147 - (2484) حدثنا محمد بن المثنى العنزي. حدثنا معاذ بن معاذ. حدثنا عبدالله بن عون عن محمد بن سيرين، عن قيس بن عباد قال:

 كنت بالمدينة في ناس. فيهم بعض أصحاب النبي صلى الله عليه وسلم. فجاء رجل في وجهه أثر من خشوع. فقال بعض القوم: هذا رجل من أهل الجنة. هذا رجل من أهل الجنة. فصلى ركعتين يتجوز فيهما. ثم خرج فاتبعته. فدخل منزله. ودخلت. فتحدثنا. فلما استأنس قلت له: إنك لما دخلت قبل، قال رجل كذا وكذا. قال: سبحان الله! ما ينبغي لأحد أن يقول ما لا يعلم. وسأحدثك لم ذاك؟ رأيت رؤيا على عهد رسول الله صلى الله عليه وسلم. فقصصتها عليه. رأيتني في روضة - ذكر سعتها وعشبها وخضرتها --ووسط الروضة عمود من حديد. أسفله في الأرض وأعلاه في السماء. في أعلاه عروة. فقيل لي: ارقه. فقلت له: لا أستطيع. فجاءني منصف (قال ابن عون: والمنصف الخادم) فقال بثيابي من خلفي - وصف أنه رفعه من خلفه بيده - فرقيت حتى كنت في أعلى العمود. فأخذت بالعروة. فقيل لي: استمسك. فلقد استيقظت وإنها لفي يدي. فقصصتها على النبي صلى الله عليه وسلم فقال "تلك الروضة الإسلام. وذلك العمود عمود الإسلام. وتلك العروة عروة الوثقى. وأنت على الإسلام حتى تموت".

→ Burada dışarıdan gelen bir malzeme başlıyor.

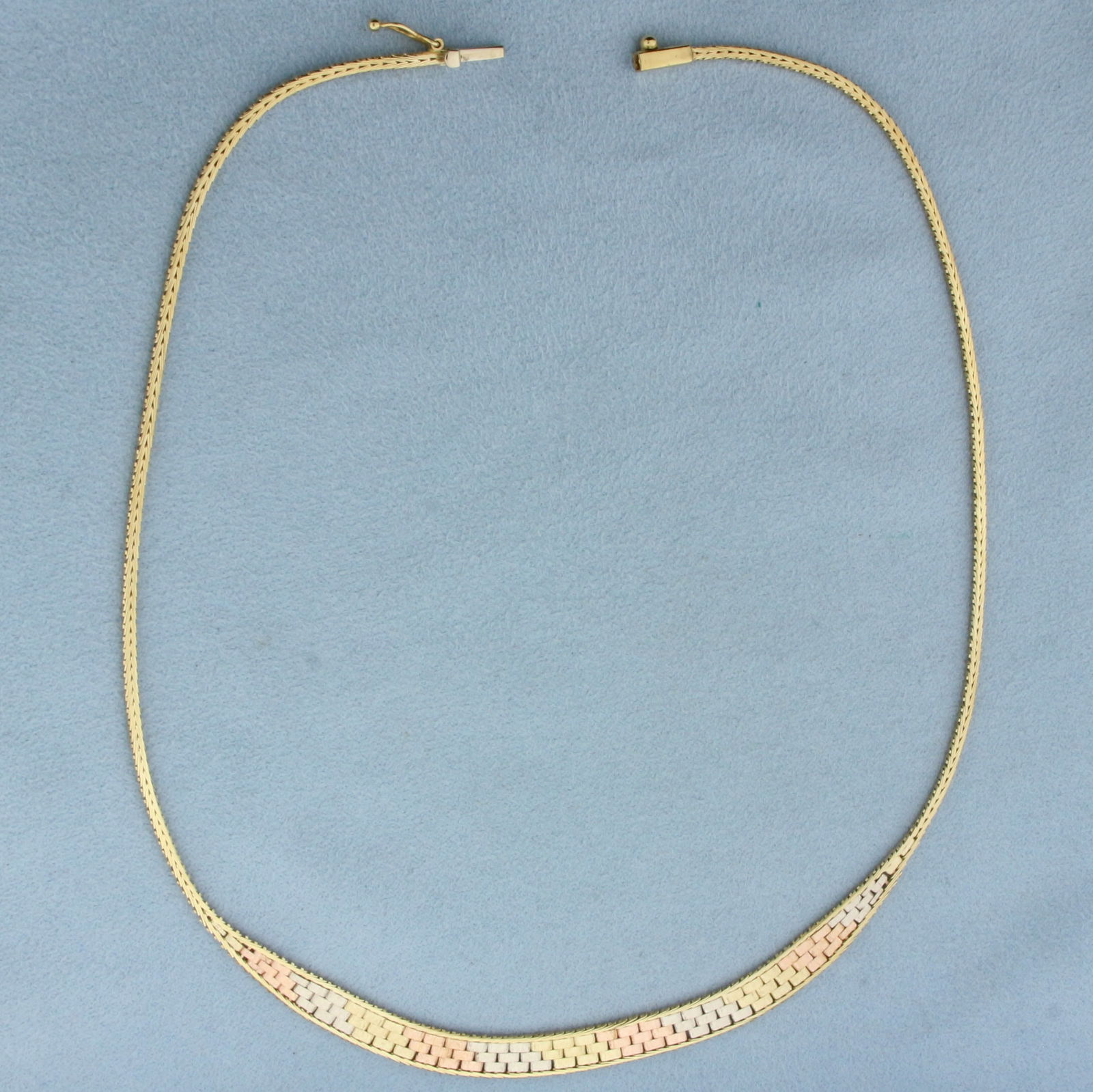 Italian Tri-Color Choker Necklace in 14k Yellow, Rose, and White Gold: In 14k Yellow, Rose, and White Gold. 16 inches long. 6.5mm wide at widest. Italian made. Slide clasp with safety latch. 11.0g.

قال: والرجل عبدالله بن سلام.

 

6331-148/2- Bize Muhammed b. el-Müsenna el-Anezı tahdis etti, bize Muaz b. Muaz tahdis etti, bize Abdullah b. Avn, Muhammed b. Sırin'den tahdis etti, o Kays b. Ubad'dan şöyle dediğini rivayet etti: Aralarında Nebi (Sallallahu aleyhi ve Sellem}'in bazı ashabının da bulunduğu bir grup kimse arasında Medine'de bulunuyordum. Yüzünde huşu izi bulunan bir adam geldi. Oradakilerden birisi: Bu cennet ehlinden bir adamdır, bu cennet ehlinden bir adamdır, dedi. Kısa kestiği iki re kat namaz kıldı, sonra çıktı. Ben de arkasından gittim. Evine girdi, ben de içeri girdim. Biraz konuştuk. Bana ünsiyeti olunca ona: Sen az önce içeri girdiğinde bir adam şöyle şöyle dedi, dedim. O: Subhanallah! Kimsenin bilmediği bir şeyi söylememesi gerekir. Sana bunun neden olduğunu anlatacağım. Ben, Resulullah (Sallallahu aleyhi ve Sellem) hayatta iken bir rüya gördüm. Onu kendisine anlattım: Kendimi bir bahçe içerisinde gördüm -bu arada o bahçenin genişliğini, otlarını, yeşilliğini zikretti- Bahçenin ortasında da demirden bir direk vardı. Alt tarafı yerde, üst tarafı semada idi. Üst tarafında da bir kulp vardı. Bana: Buna çık denildi. Ben ona: Gücüm yetmez, dedim. Bu sefer bana bir minsaf geldi -İbn Avn: minsaf hizmetçidir, dedi- o arkamdan elbiselerimi tuttu -ve kendisini eli ile arkasından kaldırdığını gösterdi-o Bunun üzerine ben de yukarı çıktım. Nihayet direğin en üst tarafına varıp o kulbu yakalayınca bana: Sıkı tutun denildi.

 

Uyandığımda o kulp elimde idi. Sonra bunu Nebi (Sallallahu aleyhi ve Sellem)'e anlattım. O da şöyle buyurdu: "O bahçe İslamdır, o direk İslam direğidir, o kulp, o sapasağlam kulptur. Sen de ölene kadar İslam üzere kalacaksın. " (Kays) işte o adam Abdullah b. Selam'dı, dedi.

 

Diğer tahric: Buhari,3813, 7010, 7014

 

 

149 - (2484) حدثنا محمد بن عمرو بن عباد بن جبلة بن أبي رواد. حدثنا حرمي بن عمارة. حدثنا قرة بن خالد عن محمد بن سيرين. قال: قال قيس بن عباد:

 كنت في حلقة فيها سعد بن مالك وابن عمر. فمر عبدالله بن سلام. فقالوا: هذا رجل من أهل الجنة. فقمت فقلت له: إنهم قالوا كذا وكذا. قال: سبحان الله! ما كان ينبغي لهم أن يقولوا ما ليس لهم به علم. إنما رأيت كأن عمودا وضع في روضة خضراء. فنصب فيها. وفي رأسها عروة. وفي أسفلها منصف - والمنصف الوصيف - فقيل لي: ارقه. فرقيت حتى أخذت بالعروة. فقصصتها على رسول الله صلى الله عليه وسلم. فقال رسول الله صلى الله عليه وسلم "يموت عبدالله وهو آخذ بالعروة الوثقى".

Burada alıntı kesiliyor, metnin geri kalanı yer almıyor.